**WHAT TO PRODUCE:**
Write back every line of the listing exactly, excluding images.

**GIVEN INFORMATION:**
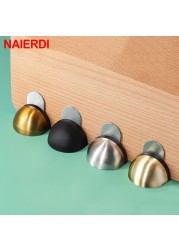 NAIERDI Stainless Steel Rubber Magnetic Door Stopper Non Punching Sticker Hidden Door Holders Floor Mounted Nail-Free Door Stops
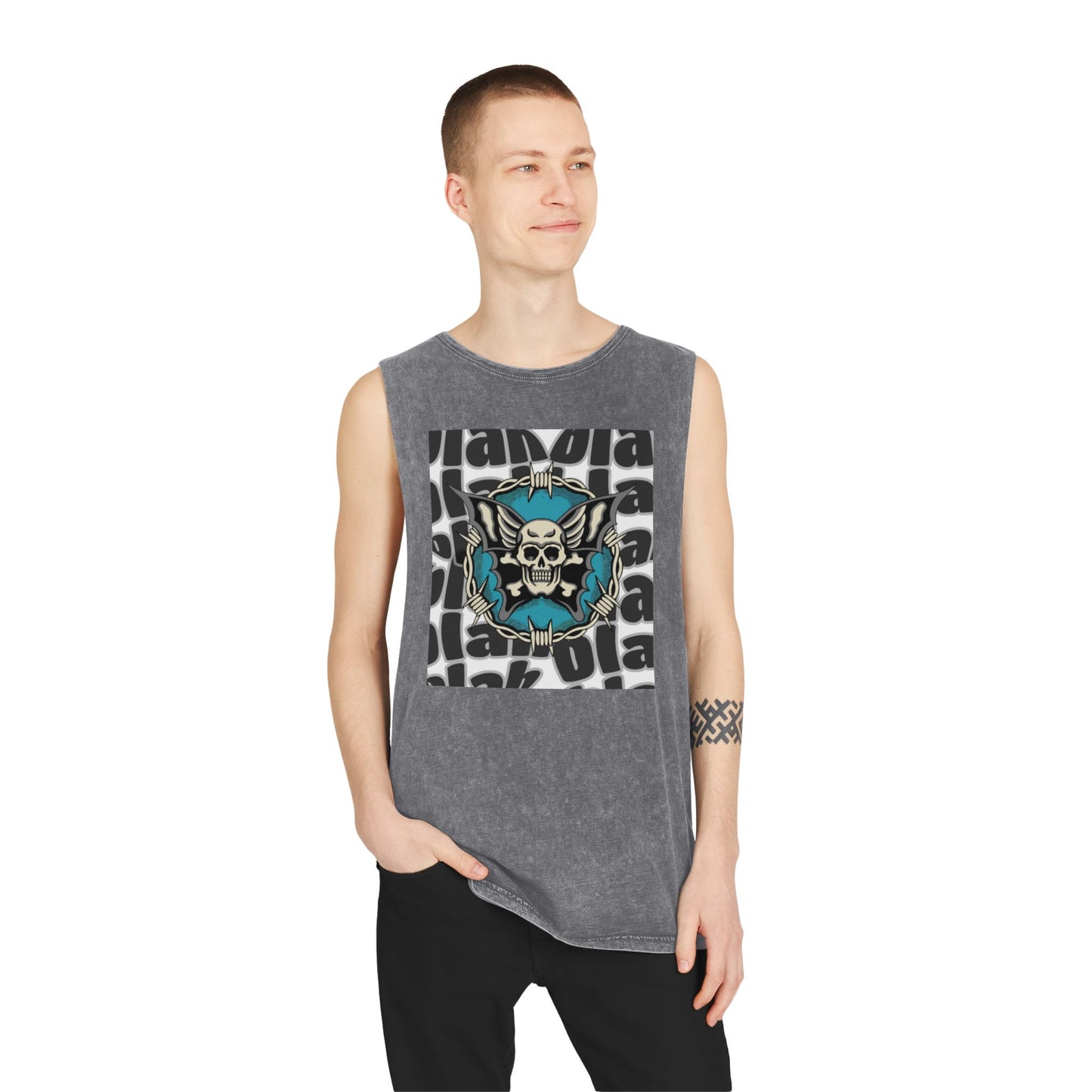 Unisex Stonewash Tank Top with Skull Design, Edgy Graphic Tee, Rocker Style Apparel, Festival Outfit, Casual Summer Wear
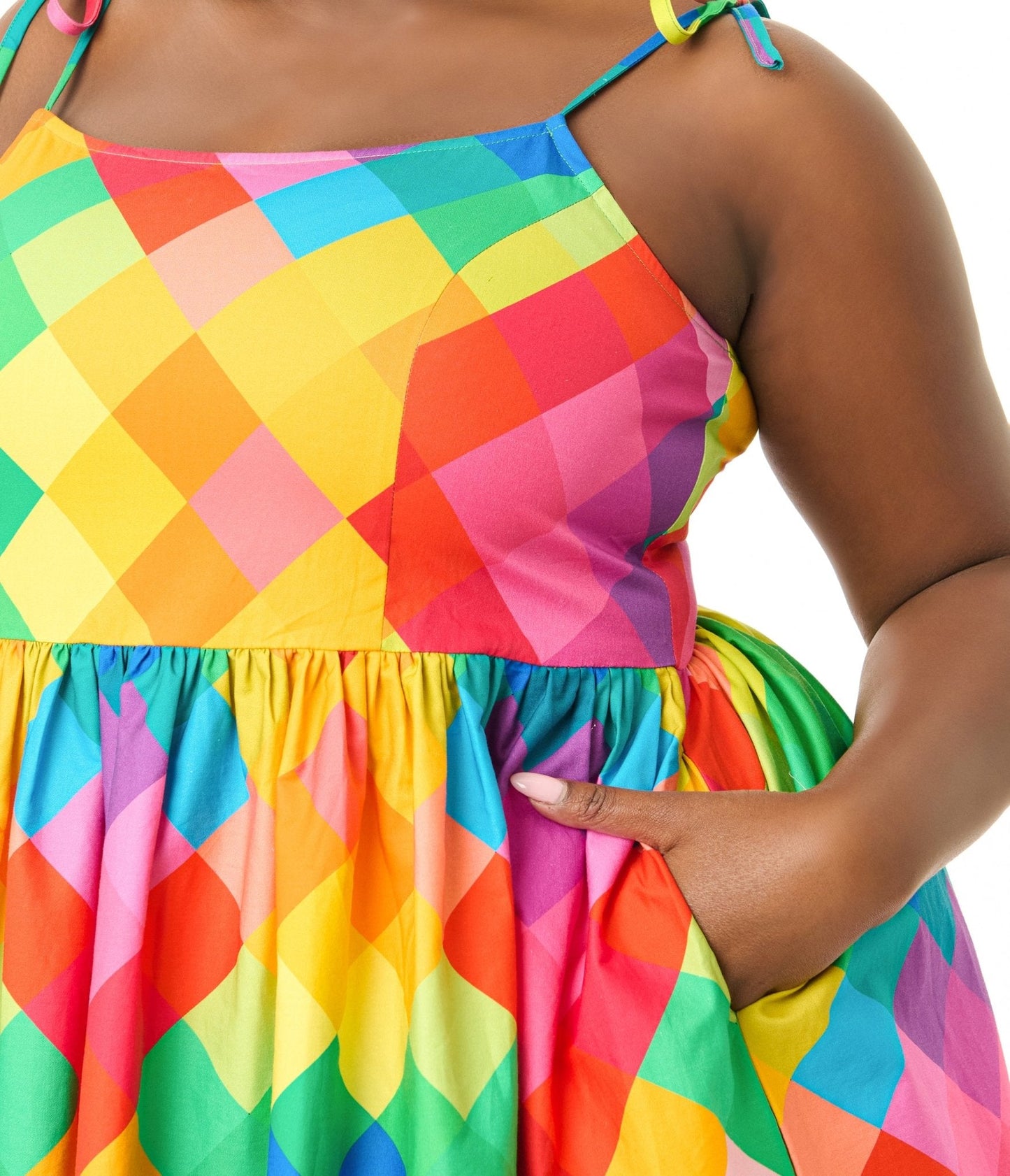 Unique Vintage Plus Size 1950s Rainbow Chevron Cotton Bobbie Swing Dress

**WORKED SOLUTION:**
 NAIERDI Stainless Steel Rubber Magnetic Door Stopper Non Punching Sticker Hidden Door Holders Floor Mounted Nail-Free Door Stops
 Unisex Stonewash Tank Top with Skull Design, Edgy Graphic Tee, Rocker Style Apparel, Festival Outfit, Casual Summer Wear
 Unique Vintage Plus Size 1950s Rainbow Chevron Cotton Bobbie Swing Dress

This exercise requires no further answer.